La preoccupazione ai piani alti di Largo del Nazareno in queste ore è palpabile. Pier Luigi Bersani anche ieri ha speso buona parte della giornata al telefono con i leader sindacali. L'obiettivo sullo spinoso nodo dell'articolo 18 è il modello tedesco: ossia è il giudice a decidere tra reintegro ed equo indennizzo. E la speranza è che alla fine la Cgil non si alzi dal tavolo e firmi l'accordo. Auspici in questo senso arrivano da tutte le anime del Pd: dal responsabile economico vicino alla Cgil Stefano Fassina al lettiano Francesco Boccia fino ai veltroniani, che con Stefano Ceccanti confidano nei buoni risultati della moral suasion messa in atto dal capo dello Stato Giorgio Napolitano. Boccia lancia poi un segnale al Governo anche sul metodo: si eviti la «clava» del decreto e si proceda con una legge delega che permetterebbe un confronto parlamentare più accurato. E soprattutto dopo il voto per le amministrative.

Sulla riforma del lavoro, ora che si sta stringendo, il Pd è paradossalmente più unito di qualche settimana fa. Il fatto è che tutti sono consapevoli che, firma o non firma della Cgil, il Governo non può cadere su questo e si deve andare avanti. Lo dice chiaramente Massimo D'Alema, che durante la commemorazione di Marco Biagi ricorda la necessità di modernizzare «in senso europeo» il mercato del lavoro: «Le riflessioni di Marco Biagi – ha spiegato l'ex premier – possono aiutarci a mettere al centro le persone in carne ed ossa e a superare astratte contrapposizioni di principio». «Il Governo non può presentarsi al vertice europeo con le mani vuote», incalza il veltroniano Ceccanti.

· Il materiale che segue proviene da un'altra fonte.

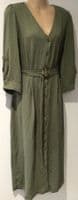 FRIENDS LIKE THESE KHAKI BUTTON SHIRT MIDI DRESS SIZE 14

Della speranza in una riforma condivisa e anche «un po' più della speranza» parla anche Fassina. «I sindacati non sono su posizioni tanto diverse, sono stati fatti passi avanti verso una posizione unitaria. Ora è il Governo che deve dare prova di responsabilità». Fassina ricorda poi che sul tavolo non c'è solo l'articolo 18 e la questione dei licenziamenti per motivi disciplinari su cui si è impuntata la Cgil. «Bisogna vedere quello che succede alla mobilità – sottolinea –. Non possiamo lasciare a piedi lavoratori sessantenni a 7 anni dalla pensione con 18 mesi di indennità. Poi gli ammortizzatori sociali: il sussidio messo in campo dal governo non è universale, molte forme di precariato restano fuori». Come a dire: il mosaico è composto da vari tasselli, e uno può compensare l'altro. Se non per la Cgil, almeno per il Pd.